— Saved data entries —
____________________
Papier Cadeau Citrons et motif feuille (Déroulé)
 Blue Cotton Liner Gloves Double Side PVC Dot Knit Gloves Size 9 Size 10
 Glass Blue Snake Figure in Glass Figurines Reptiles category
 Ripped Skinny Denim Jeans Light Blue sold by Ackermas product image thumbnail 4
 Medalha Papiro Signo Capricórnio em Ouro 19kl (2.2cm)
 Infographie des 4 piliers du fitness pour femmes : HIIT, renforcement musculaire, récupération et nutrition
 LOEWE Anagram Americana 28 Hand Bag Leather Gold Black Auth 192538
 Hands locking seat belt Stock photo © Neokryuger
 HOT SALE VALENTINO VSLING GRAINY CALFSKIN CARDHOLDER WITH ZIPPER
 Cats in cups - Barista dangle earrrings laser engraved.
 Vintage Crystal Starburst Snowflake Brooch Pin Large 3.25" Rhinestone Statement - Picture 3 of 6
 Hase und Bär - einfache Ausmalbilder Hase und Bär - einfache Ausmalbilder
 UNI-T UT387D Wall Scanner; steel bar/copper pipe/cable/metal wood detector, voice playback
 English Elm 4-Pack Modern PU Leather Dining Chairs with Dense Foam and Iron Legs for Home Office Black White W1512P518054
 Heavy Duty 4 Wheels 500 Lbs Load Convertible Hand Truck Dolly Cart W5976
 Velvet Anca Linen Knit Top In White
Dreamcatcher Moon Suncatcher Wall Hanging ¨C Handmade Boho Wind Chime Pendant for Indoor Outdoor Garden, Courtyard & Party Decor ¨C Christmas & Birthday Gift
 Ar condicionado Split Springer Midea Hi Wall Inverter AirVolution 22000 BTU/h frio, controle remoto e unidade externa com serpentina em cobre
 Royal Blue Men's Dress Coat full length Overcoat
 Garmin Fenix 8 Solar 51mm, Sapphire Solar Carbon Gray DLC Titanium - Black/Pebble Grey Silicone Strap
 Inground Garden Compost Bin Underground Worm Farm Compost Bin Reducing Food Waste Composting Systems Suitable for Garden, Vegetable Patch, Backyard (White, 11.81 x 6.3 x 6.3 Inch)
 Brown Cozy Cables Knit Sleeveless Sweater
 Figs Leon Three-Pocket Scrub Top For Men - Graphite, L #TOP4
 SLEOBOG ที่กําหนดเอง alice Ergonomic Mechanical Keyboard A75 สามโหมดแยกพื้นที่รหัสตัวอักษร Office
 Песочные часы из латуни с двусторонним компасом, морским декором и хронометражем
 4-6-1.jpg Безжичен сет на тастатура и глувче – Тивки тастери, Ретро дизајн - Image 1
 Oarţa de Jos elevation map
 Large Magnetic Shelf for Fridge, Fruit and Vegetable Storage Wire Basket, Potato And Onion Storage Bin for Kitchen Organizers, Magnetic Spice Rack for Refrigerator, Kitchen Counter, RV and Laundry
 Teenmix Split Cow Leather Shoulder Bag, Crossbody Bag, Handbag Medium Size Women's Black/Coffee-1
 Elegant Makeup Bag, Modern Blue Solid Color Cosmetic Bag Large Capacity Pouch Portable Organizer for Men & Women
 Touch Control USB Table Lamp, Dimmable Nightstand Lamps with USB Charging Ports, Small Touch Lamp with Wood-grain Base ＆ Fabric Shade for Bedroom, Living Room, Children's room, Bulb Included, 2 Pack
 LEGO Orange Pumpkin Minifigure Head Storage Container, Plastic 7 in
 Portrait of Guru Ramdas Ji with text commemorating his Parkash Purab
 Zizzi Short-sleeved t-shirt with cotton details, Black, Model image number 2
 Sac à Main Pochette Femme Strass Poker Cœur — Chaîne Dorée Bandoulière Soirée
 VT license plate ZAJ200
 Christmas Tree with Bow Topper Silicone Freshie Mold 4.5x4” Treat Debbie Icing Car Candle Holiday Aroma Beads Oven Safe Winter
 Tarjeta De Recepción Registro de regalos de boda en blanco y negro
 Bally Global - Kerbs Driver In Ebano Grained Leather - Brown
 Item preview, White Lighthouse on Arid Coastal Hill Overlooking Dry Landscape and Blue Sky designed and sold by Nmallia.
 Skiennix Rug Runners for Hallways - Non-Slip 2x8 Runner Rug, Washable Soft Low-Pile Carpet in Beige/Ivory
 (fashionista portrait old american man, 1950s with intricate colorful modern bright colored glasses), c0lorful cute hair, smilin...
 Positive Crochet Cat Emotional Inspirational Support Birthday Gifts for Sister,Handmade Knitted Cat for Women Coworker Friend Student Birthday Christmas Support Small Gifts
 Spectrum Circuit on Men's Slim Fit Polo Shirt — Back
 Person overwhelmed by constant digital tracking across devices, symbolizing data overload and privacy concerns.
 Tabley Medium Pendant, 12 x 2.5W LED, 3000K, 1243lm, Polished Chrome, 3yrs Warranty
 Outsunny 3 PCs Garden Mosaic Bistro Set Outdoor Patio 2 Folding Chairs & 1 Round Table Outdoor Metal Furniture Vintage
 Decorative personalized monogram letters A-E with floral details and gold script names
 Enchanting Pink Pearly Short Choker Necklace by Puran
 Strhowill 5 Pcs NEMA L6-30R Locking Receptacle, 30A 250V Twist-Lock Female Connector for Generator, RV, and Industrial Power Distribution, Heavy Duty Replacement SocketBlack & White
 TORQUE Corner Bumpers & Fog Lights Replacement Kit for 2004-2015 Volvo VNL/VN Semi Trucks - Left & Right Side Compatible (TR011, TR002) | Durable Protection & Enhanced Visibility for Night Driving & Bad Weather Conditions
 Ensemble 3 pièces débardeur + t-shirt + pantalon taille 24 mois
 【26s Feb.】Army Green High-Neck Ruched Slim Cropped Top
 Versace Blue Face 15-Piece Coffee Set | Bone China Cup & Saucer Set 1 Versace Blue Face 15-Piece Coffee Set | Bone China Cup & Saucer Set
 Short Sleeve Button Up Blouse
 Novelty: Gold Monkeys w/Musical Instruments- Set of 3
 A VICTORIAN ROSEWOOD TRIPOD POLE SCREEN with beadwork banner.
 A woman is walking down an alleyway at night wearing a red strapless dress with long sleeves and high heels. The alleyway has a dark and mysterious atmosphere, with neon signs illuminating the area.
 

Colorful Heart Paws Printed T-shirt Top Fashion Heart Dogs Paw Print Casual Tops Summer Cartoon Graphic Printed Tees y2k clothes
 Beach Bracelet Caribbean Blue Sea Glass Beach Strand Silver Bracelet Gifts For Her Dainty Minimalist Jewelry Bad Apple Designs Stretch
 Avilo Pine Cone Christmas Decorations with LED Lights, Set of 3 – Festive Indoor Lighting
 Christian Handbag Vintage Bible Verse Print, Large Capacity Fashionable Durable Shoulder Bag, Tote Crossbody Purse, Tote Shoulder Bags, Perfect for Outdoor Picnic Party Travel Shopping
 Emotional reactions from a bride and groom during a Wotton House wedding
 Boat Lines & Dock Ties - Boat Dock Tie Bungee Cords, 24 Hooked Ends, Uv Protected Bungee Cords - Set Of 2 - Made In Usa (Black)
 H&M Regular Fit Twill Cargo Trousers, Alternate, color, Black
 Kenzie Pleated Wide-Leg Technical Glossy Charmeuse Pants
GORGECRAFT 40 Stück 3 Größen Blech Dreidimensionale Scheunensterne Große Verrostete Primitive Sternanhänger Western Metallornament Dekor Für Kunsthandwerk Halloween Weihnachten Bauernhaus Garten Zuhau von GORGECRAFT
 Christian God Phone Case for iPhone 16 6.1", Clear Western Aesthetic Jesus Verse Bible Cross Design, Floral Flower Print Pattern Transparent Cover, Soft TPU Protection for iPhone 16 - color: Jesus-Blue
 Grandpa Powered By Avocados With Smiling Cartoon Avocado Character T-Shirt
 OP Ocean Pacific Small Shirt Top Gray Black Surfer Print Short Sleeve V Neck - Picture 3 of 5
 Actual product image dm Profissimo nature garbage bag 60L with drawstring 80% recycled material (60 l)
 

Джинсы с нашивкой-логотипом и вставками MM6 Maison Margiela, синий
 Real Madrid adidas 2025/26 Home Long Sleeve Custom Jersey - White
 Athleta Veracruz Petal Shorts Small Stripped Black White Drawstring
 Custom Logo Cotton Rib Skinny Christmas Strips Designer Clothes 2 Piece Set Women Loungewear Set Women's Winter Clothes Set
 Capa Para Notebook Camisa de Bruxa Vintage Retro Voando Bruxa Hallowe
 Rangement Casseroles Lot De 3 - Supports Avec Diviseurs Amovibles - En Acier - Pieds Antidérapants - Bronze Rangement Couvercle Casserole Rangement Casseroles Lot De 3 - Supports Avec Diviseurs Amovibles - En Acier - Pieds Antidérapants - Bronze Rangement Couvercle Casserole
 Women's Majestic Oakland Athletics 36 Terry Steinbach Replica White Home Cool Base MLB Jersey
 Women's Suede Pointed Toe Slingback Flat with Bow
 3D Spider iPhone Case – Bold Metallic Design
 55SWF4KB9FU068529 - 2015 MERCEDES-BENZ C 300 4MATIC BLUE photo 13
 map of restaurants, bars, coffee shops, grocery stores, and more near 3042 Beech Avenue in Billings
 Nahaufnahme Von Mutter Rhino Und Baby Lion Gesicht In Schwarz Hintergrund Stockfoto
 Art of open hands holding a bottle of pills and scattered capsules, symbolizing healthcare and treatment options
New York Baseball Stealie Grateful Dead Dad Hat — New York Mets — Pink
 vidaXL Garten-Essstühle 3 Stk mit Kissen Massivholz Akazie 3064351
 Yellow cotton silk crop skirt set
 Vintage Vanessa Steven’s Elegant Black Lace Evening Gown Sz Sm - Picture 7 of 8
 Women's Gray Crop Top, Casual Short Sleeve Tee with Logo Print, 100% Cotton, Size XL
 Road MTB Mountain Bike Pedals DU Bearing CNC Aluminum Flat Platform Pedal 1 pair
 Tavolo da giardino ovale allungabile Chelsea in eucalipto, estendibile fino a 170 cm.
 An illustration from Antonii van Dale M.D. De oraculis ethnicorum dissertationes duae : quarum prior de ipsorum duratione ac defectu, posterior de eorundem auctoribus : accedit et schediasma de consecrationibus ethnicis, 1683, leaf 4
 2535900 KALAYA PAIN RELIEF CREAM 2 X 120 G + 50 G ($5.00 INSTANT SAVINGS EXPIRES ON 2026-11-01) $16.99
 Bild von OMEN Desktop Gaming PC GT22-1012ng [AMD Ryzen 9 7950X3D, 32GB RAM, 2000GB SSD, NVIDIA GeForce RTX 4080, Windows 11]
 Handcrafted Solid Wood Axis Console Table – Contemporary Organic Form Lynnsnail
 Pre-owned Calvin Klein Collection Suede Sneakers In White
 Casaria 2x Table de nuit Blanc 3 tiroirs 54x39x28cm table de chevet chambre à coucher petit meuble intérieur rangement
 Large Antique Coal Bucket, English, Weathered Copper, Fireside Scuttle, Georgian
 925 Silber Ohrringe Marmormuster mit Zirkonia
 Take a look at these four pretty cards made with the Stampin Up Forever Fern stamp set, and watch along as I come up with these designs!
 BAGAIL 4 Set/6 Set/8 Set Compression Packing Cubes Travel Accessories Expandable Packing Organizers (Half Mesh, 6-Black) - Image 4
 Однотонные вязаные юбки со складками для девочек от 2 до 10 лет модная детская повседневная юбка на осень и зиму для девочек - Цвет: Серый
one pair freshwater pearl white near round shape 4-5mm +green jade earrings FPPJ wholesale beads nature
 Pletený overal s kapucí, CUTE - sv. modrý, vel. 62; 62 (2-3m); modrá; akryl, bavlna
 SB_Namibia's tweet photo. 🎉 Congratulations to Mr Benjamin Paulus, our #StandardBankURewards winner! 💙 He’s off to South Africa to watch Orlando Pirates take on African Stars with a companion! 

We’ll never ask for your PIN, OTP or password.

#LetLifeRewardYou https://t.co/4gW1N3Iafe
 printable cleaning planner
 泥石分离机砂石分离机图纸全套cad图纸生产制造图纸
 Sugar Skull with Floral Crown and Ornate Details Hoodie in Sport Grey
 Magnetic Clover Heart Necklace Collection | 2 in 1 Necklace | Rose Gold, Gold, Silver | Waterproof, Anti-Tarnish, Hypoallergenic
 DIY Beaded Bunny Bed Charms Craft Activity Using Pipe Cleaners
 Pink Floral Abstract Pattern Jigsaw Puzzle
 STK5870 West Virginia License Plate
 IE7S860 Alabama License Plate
____________________
— Task details —
Copy each line in the data that holds the word "Winter".

— The answer —
 Christmas Tree with Bow Topper Silicone Freshie Mold 4.5x4” Treat Debbie Icing Car Candle Holiday Aroma Beads Oven Safe Winter
 Custom Logo Cotton Rib Skinny Christmas Strips Designer Clothes 2 Piece Set Women Loungewear Set Women's Winter Clothes Set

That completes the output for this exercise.